Once, several years ago, I decided I wanted to try brewing beer. I went to my local brewer and asked for help. Excited to pass on his art he portioned out every thing I would need to the proper amounts, and made me repeat back his instructions until he was certain I remembered.
I went home with my little box and got to work. I followed every direction given and soon placed my bucket of baby beer in a small, unused corner to give it time to rest. I then went outside to work.
A short while later I heard a great and sickening CRASH! But there was nothing that could make such a –
I raced back inside to see my beer, not sitting safely in it’s bucket, but clinging to the walls, the roof, to places I didn’t know beer could cling. The bucket was gone, I could find no piece bigger than my thumb.
I gathered up what pieces I could to bring them back to the brewer, so he could figure out where I went wrong. For surely it could not be me.
I set my burden down on his table, and began to explain, when from behind me I heard a soft Pop. I turned to see the stopper had come loose from one of his bottles. I ran to clean it up. But surely, it could not be me?
As I was cleaning I heard a second Pop.
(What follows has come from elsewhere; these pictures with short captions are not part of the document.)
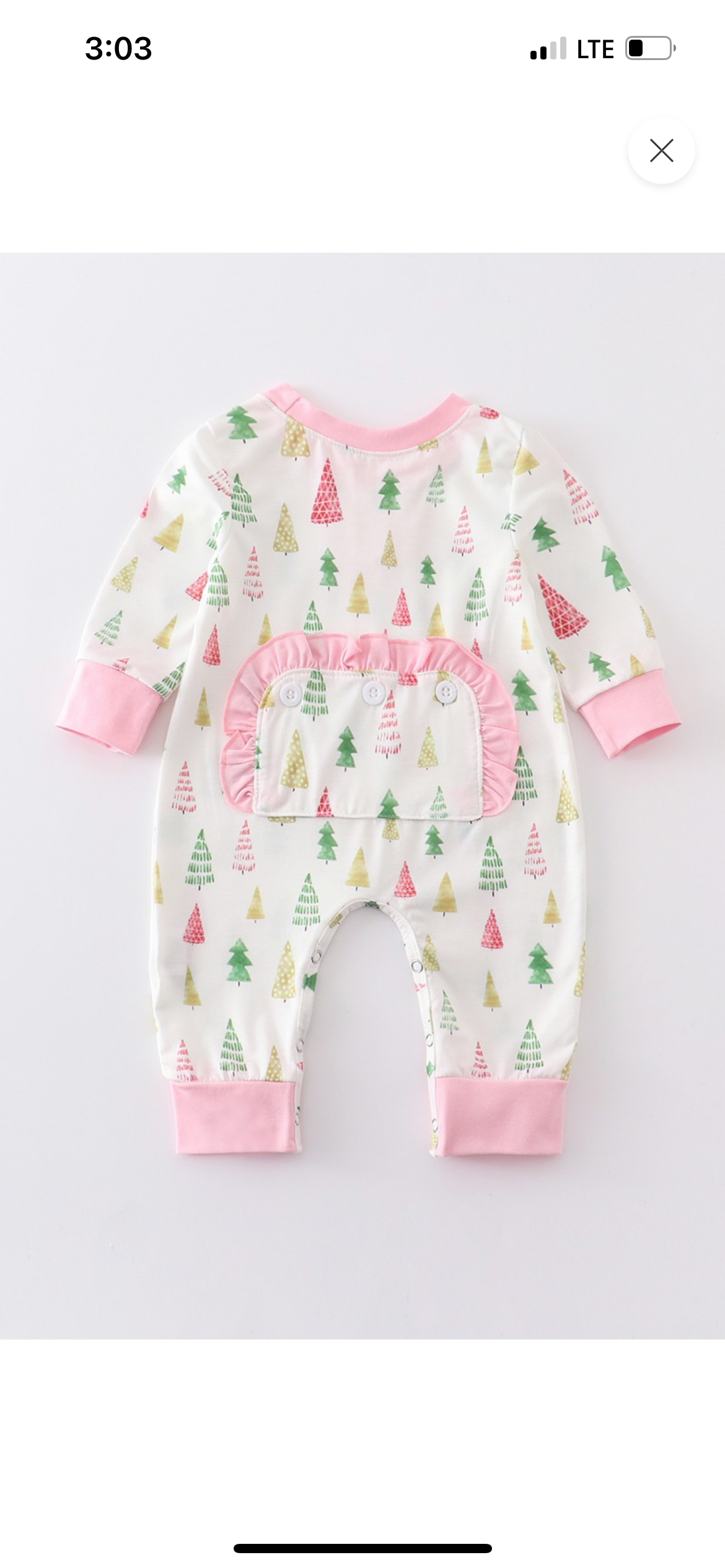 Pink Christmas Tree Romper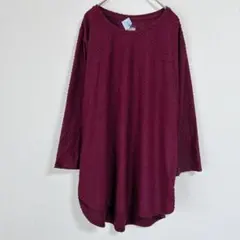 大きいサイズ L チュニック カットソー ボルドー ドット 体型カバー 長袖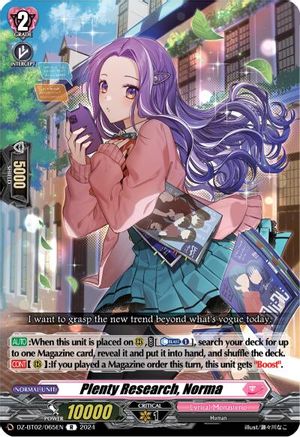 Plenty Research, Norma [DZ-BT02 - DZ-BT02/065EN]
I made to clean that before the brewer grabbed my arm and gently steered me out.
“My Lady, perhaps brewing is not for you.”
And that, good gentles, is how I came to be known as Brewbane.
This is the oldest story I’ve written that I still tell occasionally. It is based on my first (and only) attempt at brewing. My then-boyfriend and I had bought a Guinness clone kit from a local home brew store, we did everything right, but the next day the glass carboy exploded. We don’t know if the air lock was cracked before or after it hit the wall. It wasn’t until a housemate made cyster and the bottom of his carboy sheered off when I stepped into the room while he was racking it, closely followed by bottles of home brew in the basement exploding when I went down there, that we determined that I was actually the problem. The name Brewbane was given to me by Toki Redbeard when I stood to tell this story at a circle my second War of the Roses.